## WORK ITEM
Using the records below, write out only the lines from the line containing "Foto 4 der Reparatur" up to and including the line containing "10DAYS Sweater met", exactly, with no pictures.

## STORED DATA

..............................

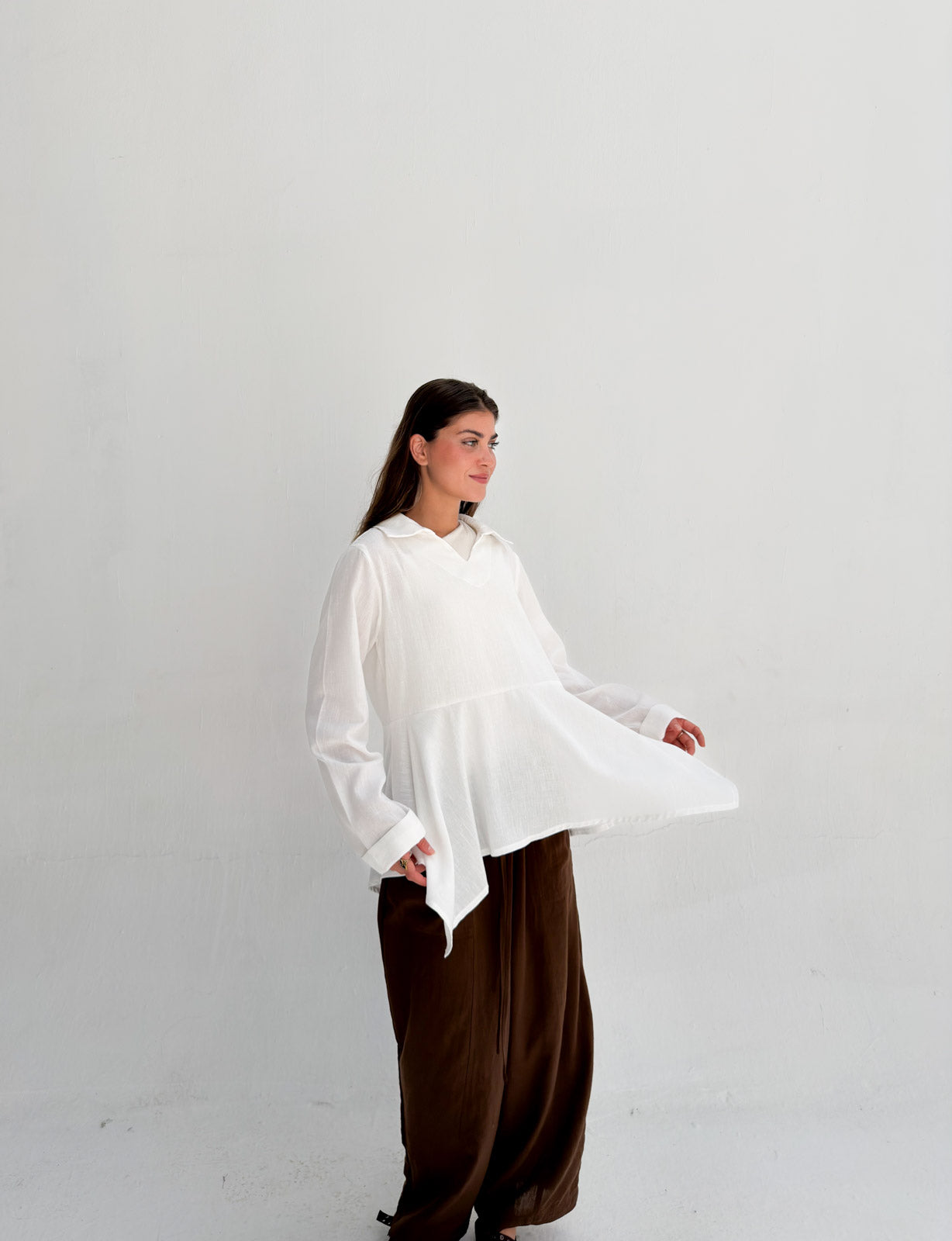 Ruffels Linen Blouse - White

..............................

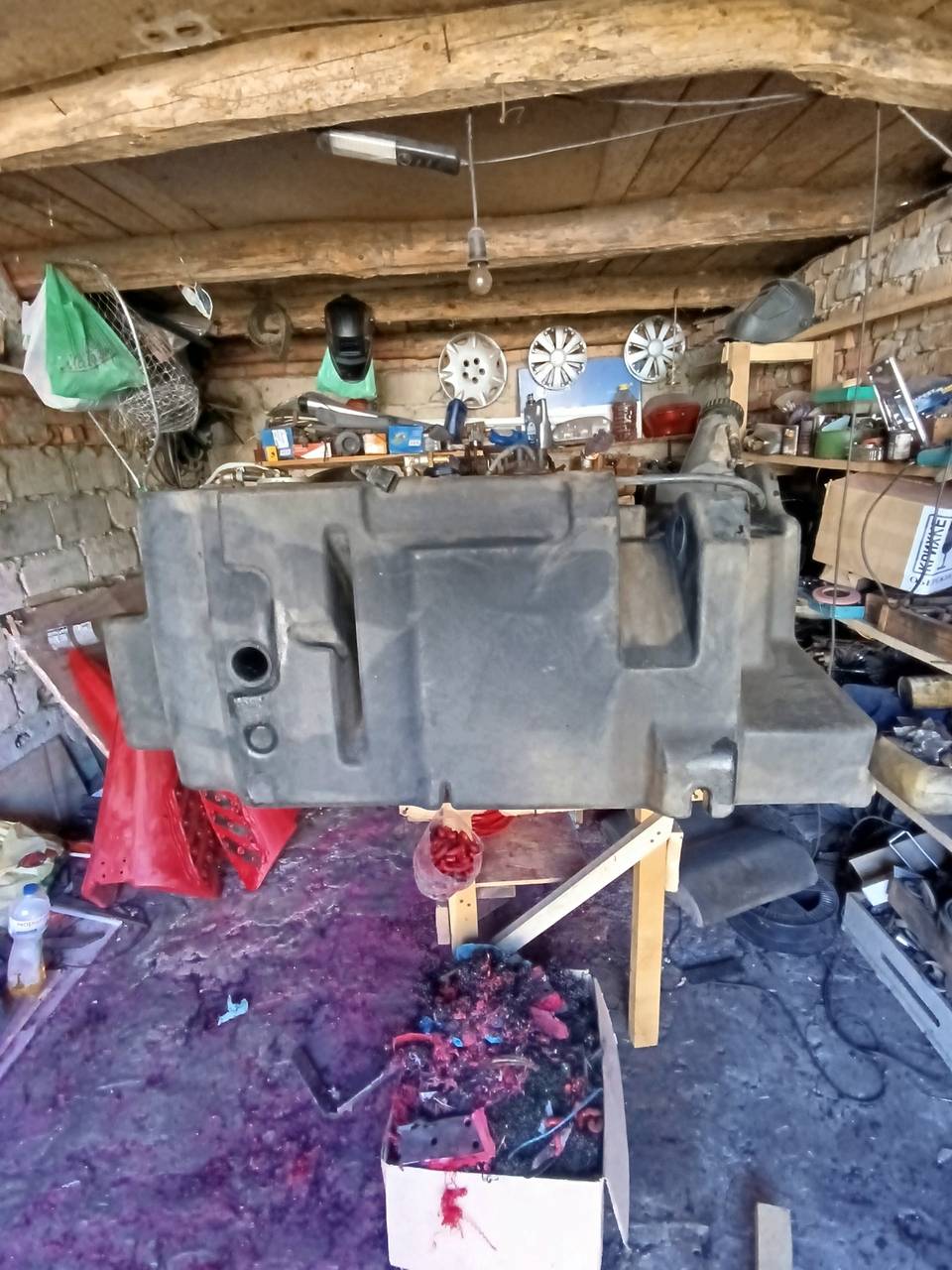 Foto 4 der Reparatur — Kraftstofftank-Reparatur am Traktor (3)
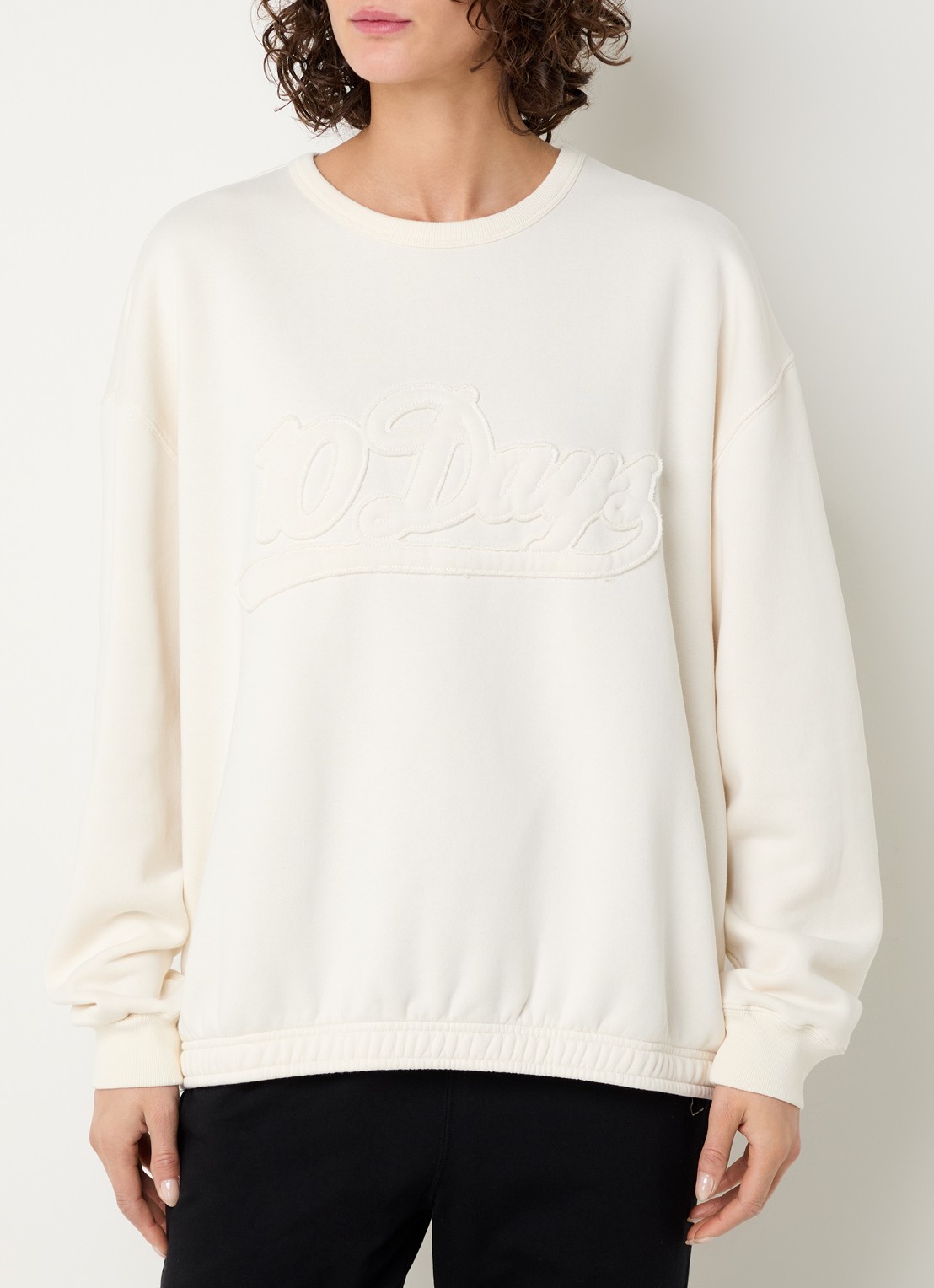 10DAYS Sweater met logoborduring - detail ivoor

..............................

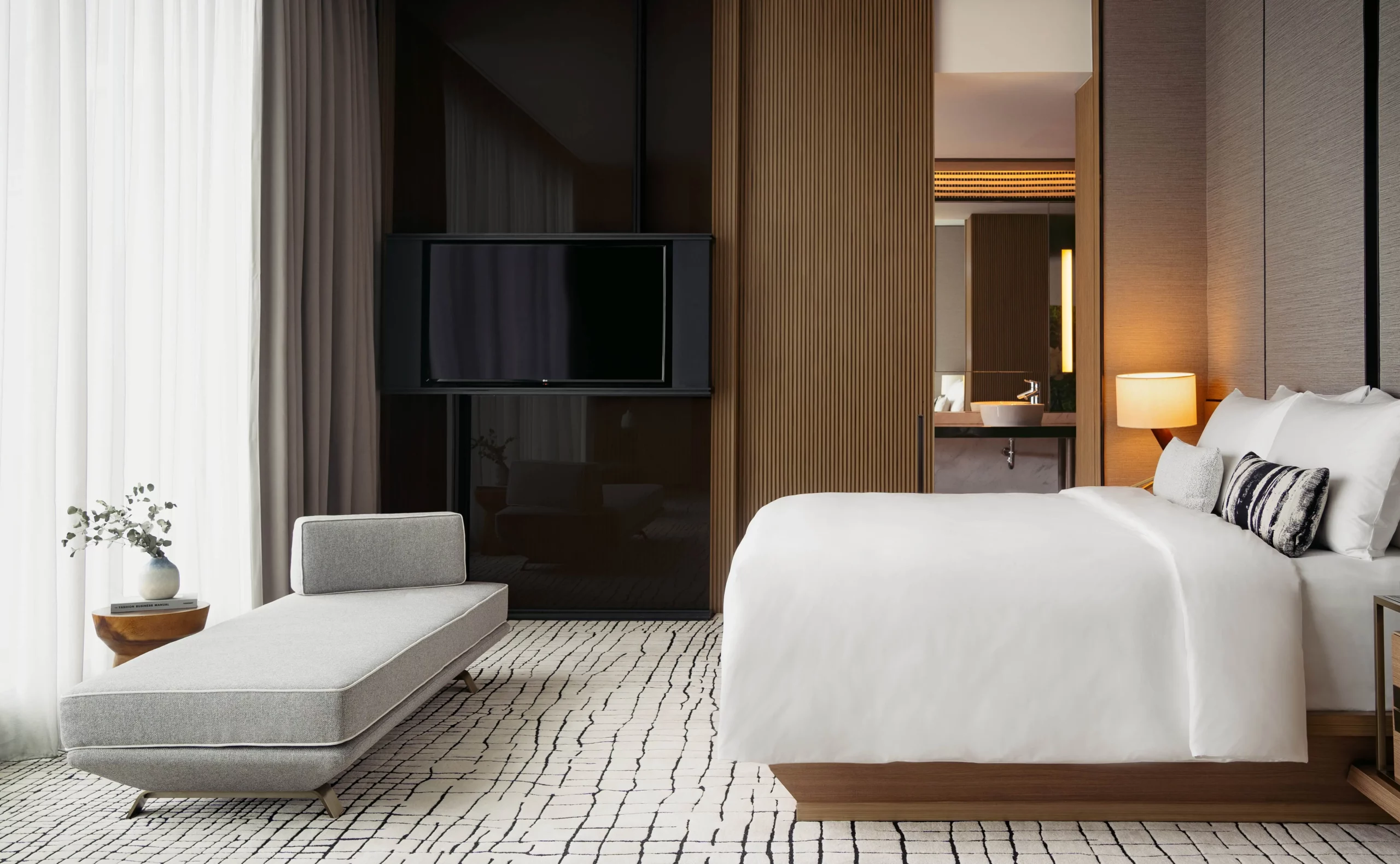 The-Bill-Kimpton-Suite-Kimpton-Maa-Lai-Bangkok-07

..............................

## FINISHED TASK
 Foto 4 der Reparatur — Kraftstofftank-Reparatur am Traktor (3)
 10DAYS Sweater met logoborduring - detail ivoor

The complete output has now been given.